• [YOUR OBJECTIVE]:
From the material below, return exactly the lines starting at the one that holds "NWOT UGG CLASSIC TWIN SEAM NEW HEIGHTS BOOTS" and ending at the one that holds "9480 Poinciana Pl, Davie, FL". Pictures stay out of the answer.

==== MATERIAL SUPPLIED ====

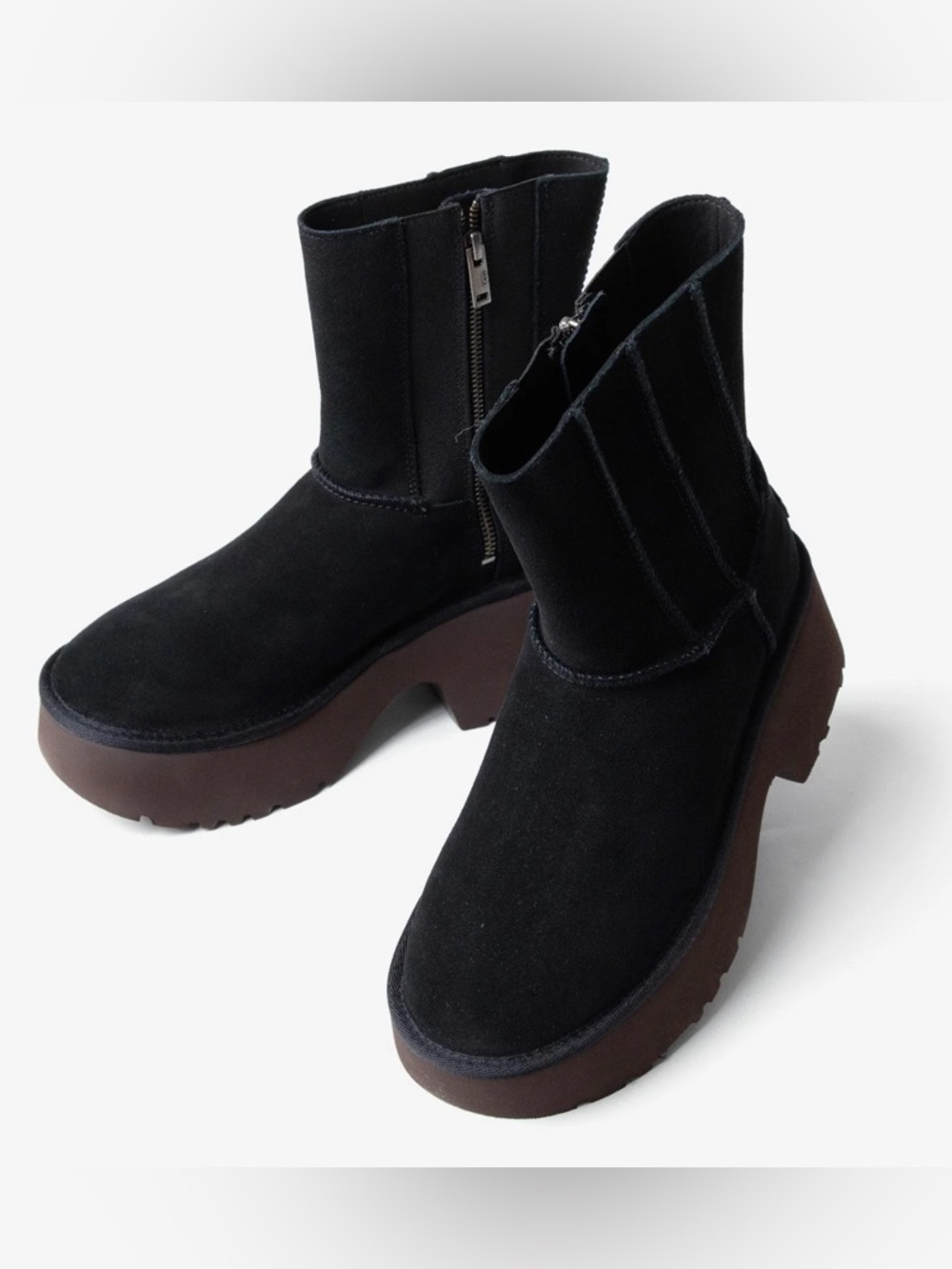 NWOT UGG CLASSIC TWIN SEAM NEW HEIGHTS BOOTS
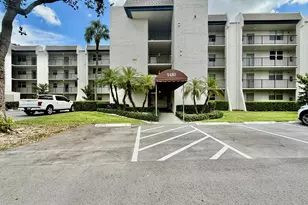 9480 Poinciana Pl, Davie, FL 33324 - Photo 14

====
==== MATERIAL SUPPLIED ====

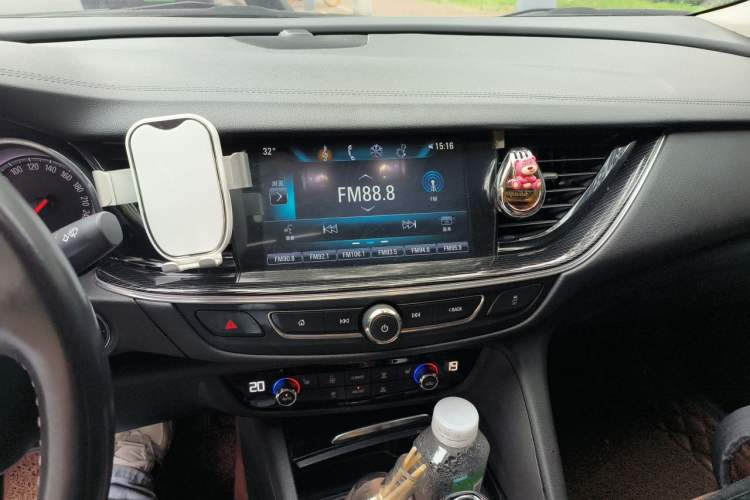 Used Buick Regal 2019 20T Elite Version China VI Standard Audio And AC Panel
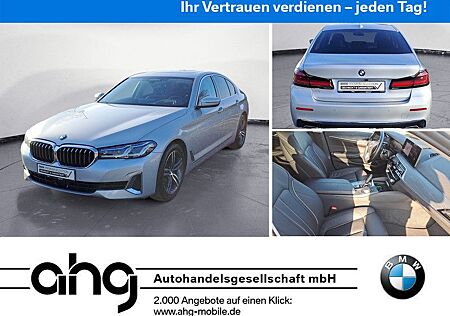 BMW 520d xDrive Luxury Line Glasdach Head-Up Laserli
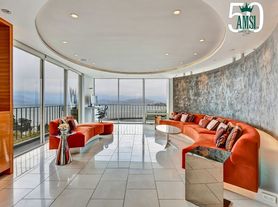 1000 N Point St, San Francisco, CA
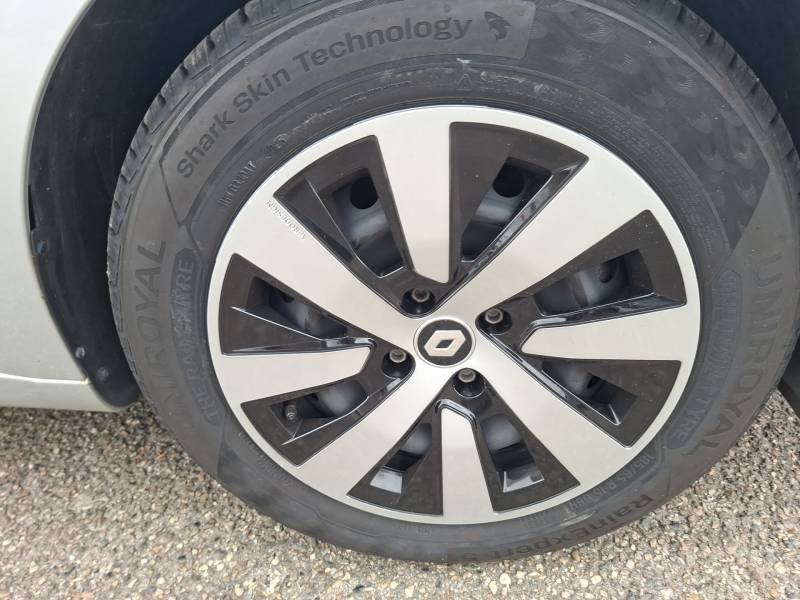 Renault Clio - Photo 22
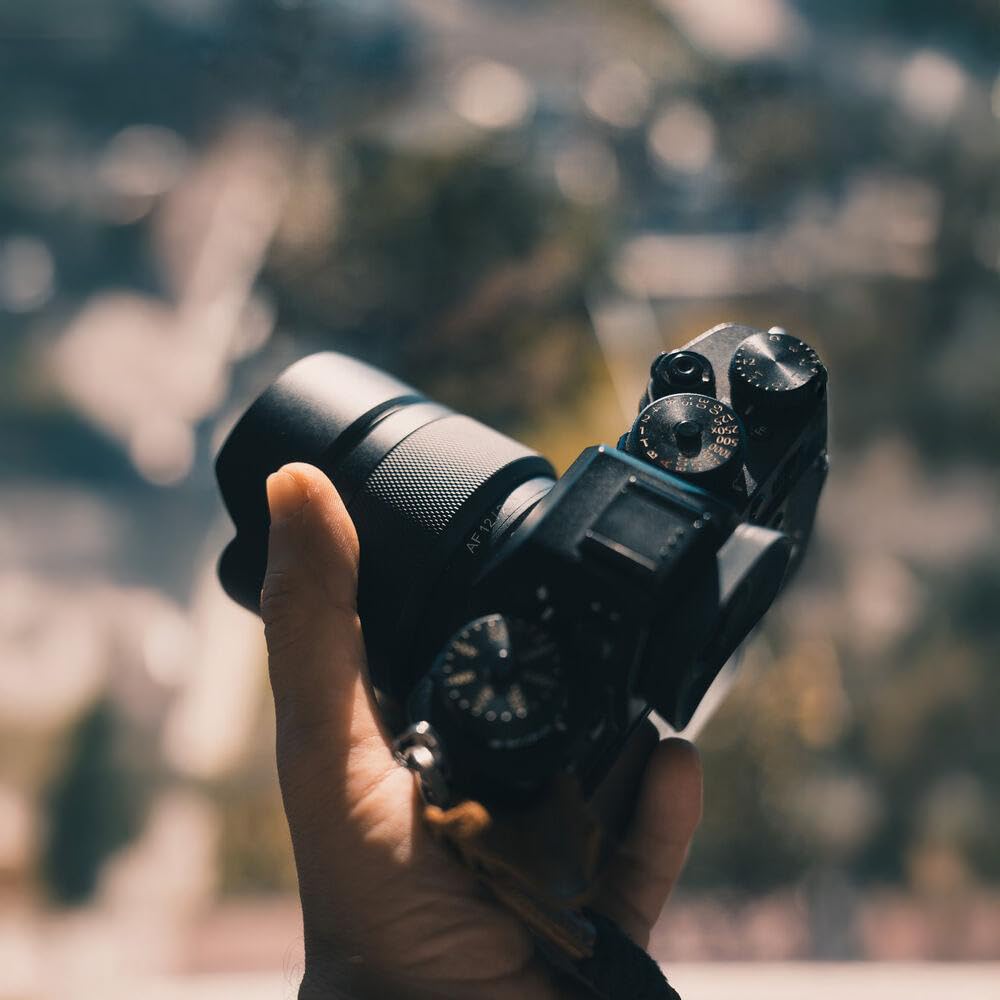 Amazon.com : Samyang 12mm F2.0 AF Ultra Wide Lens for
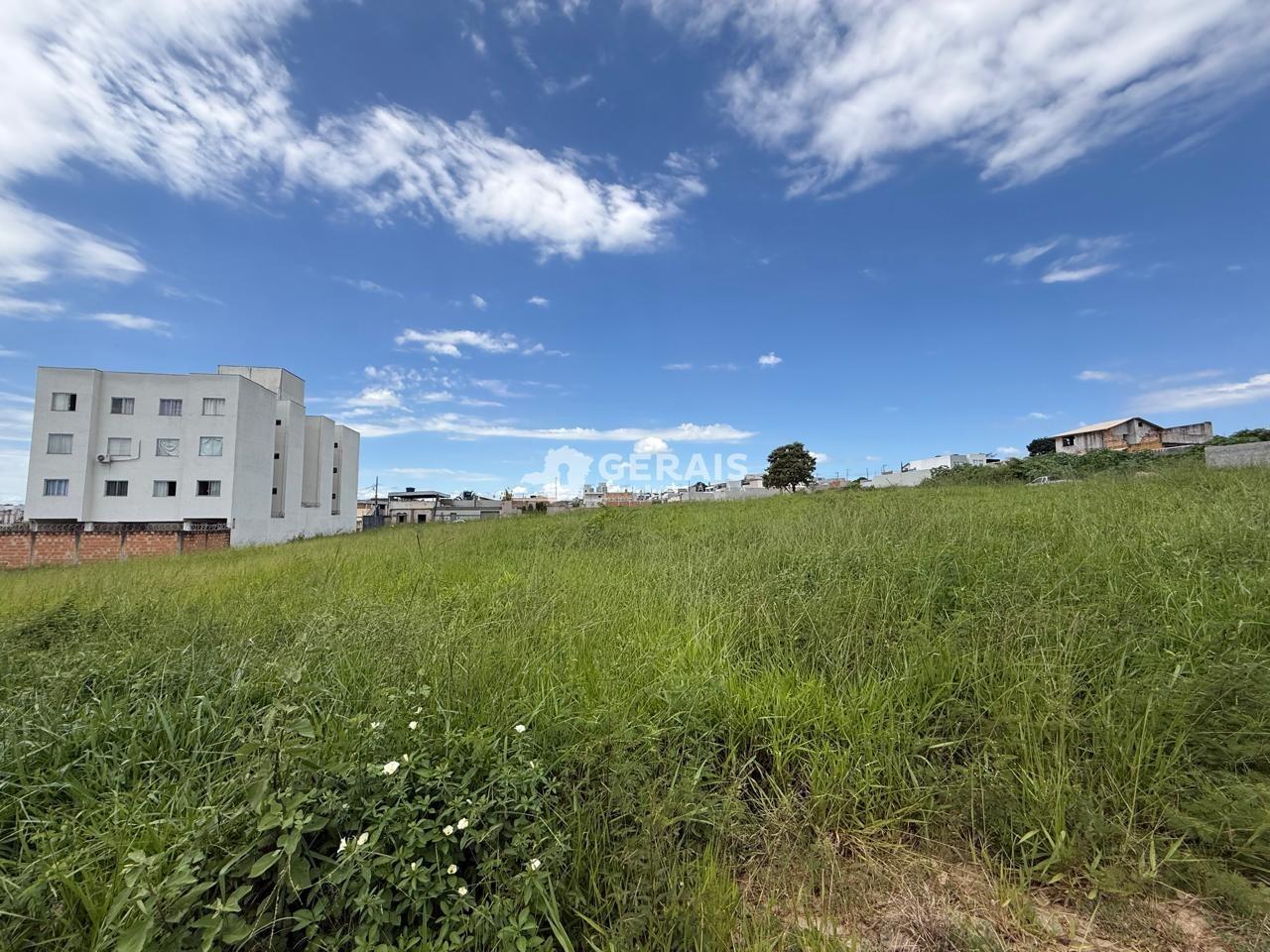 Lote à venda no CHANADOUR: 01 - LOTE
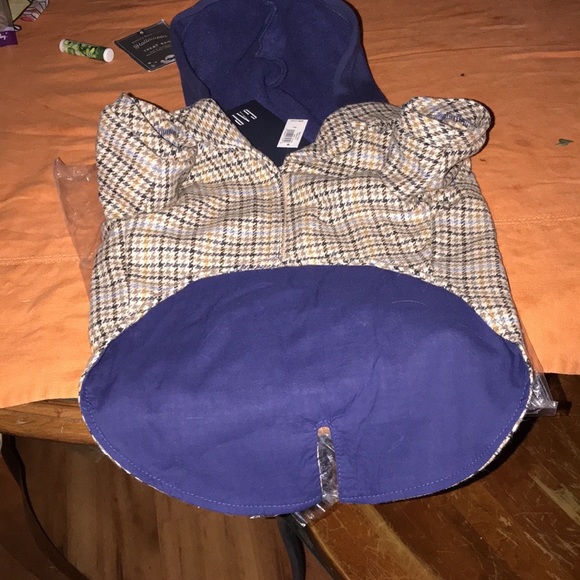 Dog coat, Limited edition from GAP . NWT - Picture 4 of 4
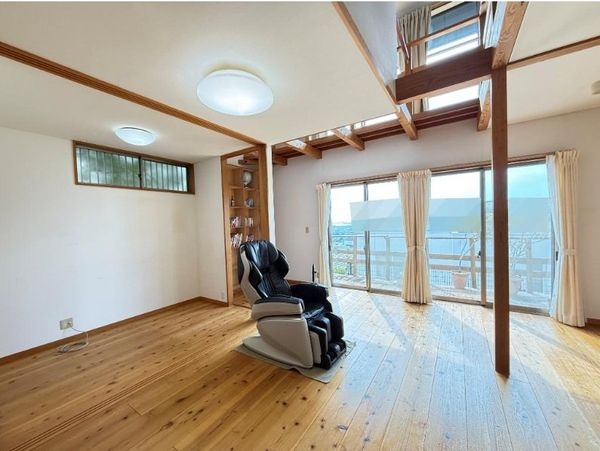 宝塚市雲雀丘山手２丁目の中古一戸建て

====
==== MATERIAL SUPPLIED ====

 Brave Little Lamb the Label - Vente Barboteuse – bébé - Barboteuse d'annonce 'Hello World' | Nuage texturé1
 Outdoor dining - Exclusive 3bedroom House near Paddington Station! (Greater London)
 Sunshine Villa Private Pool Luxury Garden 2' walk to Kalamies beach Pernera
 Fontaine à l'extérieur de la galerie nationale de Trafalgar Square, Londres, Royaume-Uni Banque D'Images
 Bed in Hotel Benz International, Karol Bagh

====

• [EXERCISE RESULT]:
 NWOT UGG CLASSIC TWIN SEAM NEW HEIGHTS BOOTS
 9480 Poinciana Pl, Davie, FL 33324 - Photo 14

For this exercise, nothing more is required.